Work instructions » Print the data verbatim. Leave every image out.

Dataset records:
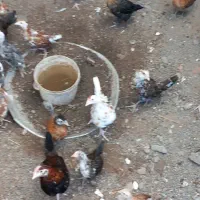 فروش جوجه گلین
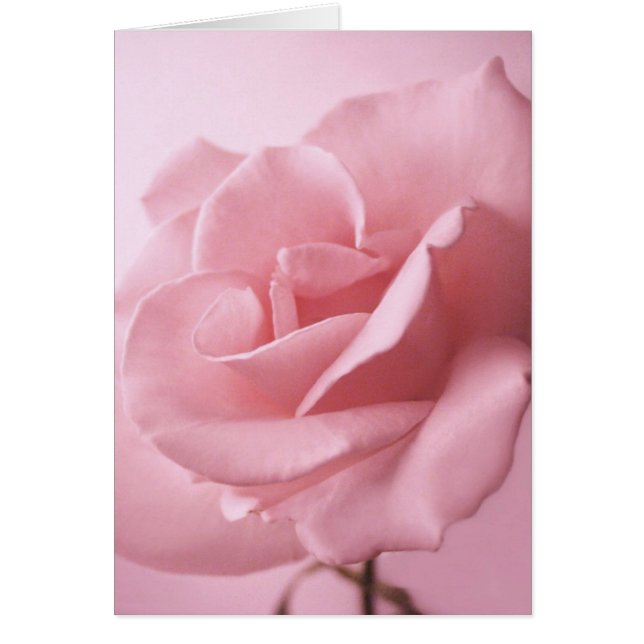 Pink Rose Card (Front)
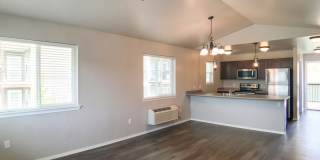 4939 Potter Park Loop Gallery 14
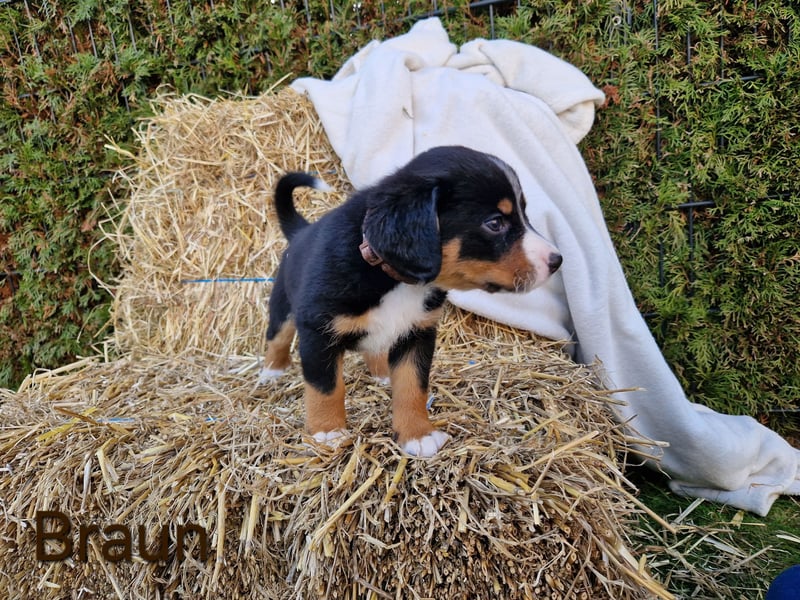 Appenzeller Sennenhund Welpen tricolor Schwarz-Weiß-Braun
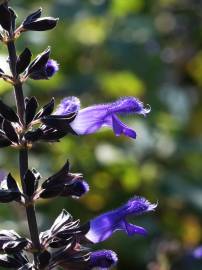 Fotografia da espécie Salvia mexicana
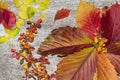 Autumn leaf composition. Studio shot on wooden background.Colorful autumn leaves on a white background. Background of autumn Royalty Free Stock Photo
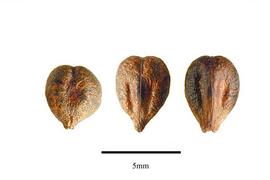  Seeds:  Vitis amurensis ; Photo by R. Gibbons, USDA APHIS PPQ, Kirkbride et al. (2006)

Answer area »
 فروش جوجه گلین
 Pink Rose Card (Front)
 4939 Potter Park Loop Gallery 14
 Appenzeller Sennenhund Welpen tricolor Schwarz-Weiß-Braun
 Fotografia da espécie Salvia mexicana
 Autumn leaf composition. Studio shot on wooden background.Colorful autumn leaves on a white background. Background of autumn Royalty Free Stock Photo
  Seeds:  Vitis amurensis ; Photo by R. Gibbons, USDA APHIS PPQ, Kirkbride et al. (2006)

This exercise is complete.